From the first line to the last, copy the material exactly and leave the pictures out.

**Supplied data:**
******
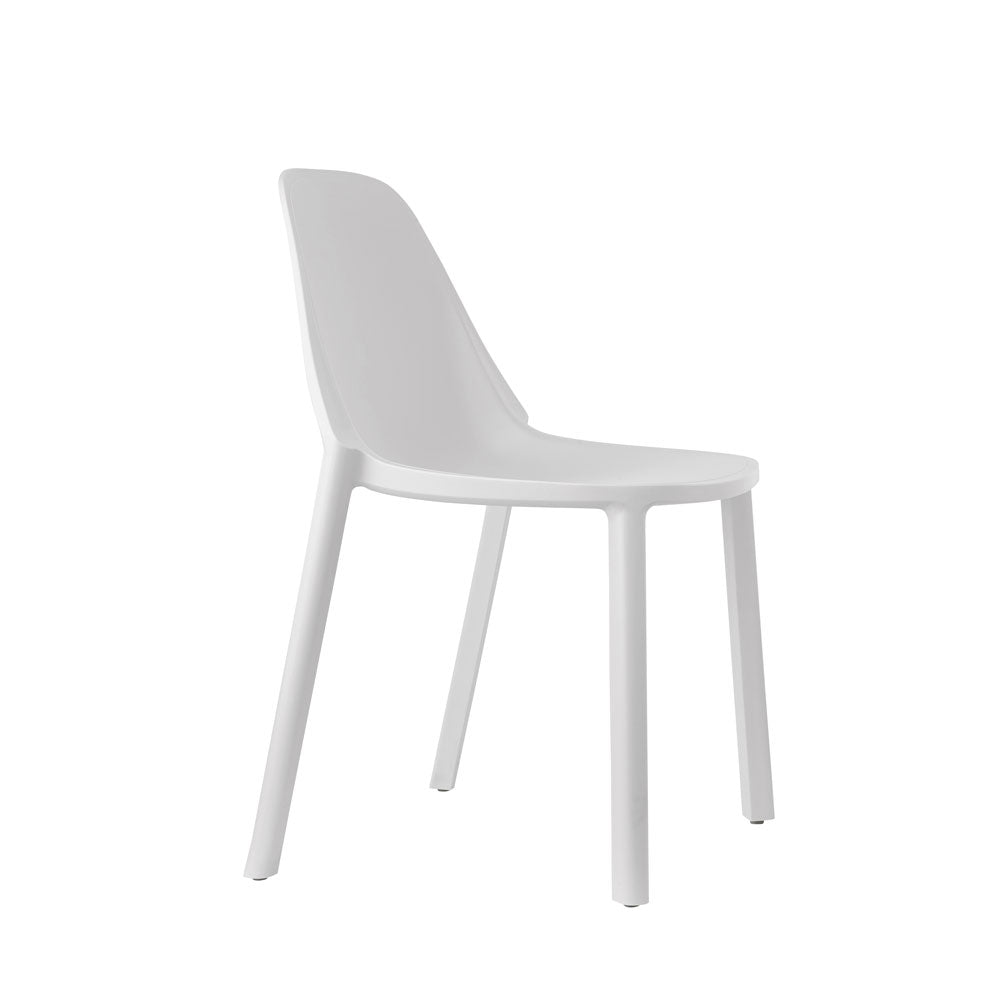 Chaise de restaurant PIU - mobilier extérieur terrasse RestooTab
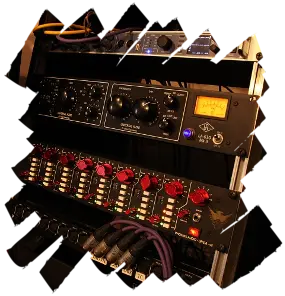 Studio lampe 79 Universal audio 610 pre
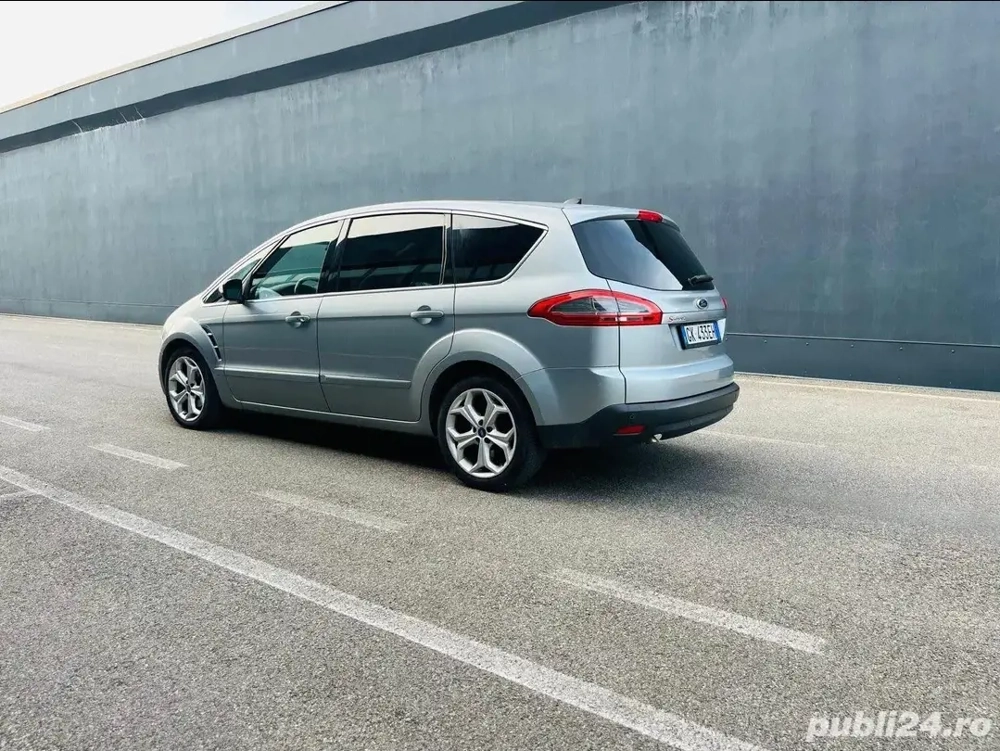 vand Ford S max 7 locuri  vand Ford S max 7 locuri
******
**Solved problem:**
 Chaise de restaurant PIU - mobilier extérieur terrasse RestooTab
 Studio lampe 79 Universal audio 610 pre
 vand Ford S max 7 locuri  vand Ford S max 7 locuri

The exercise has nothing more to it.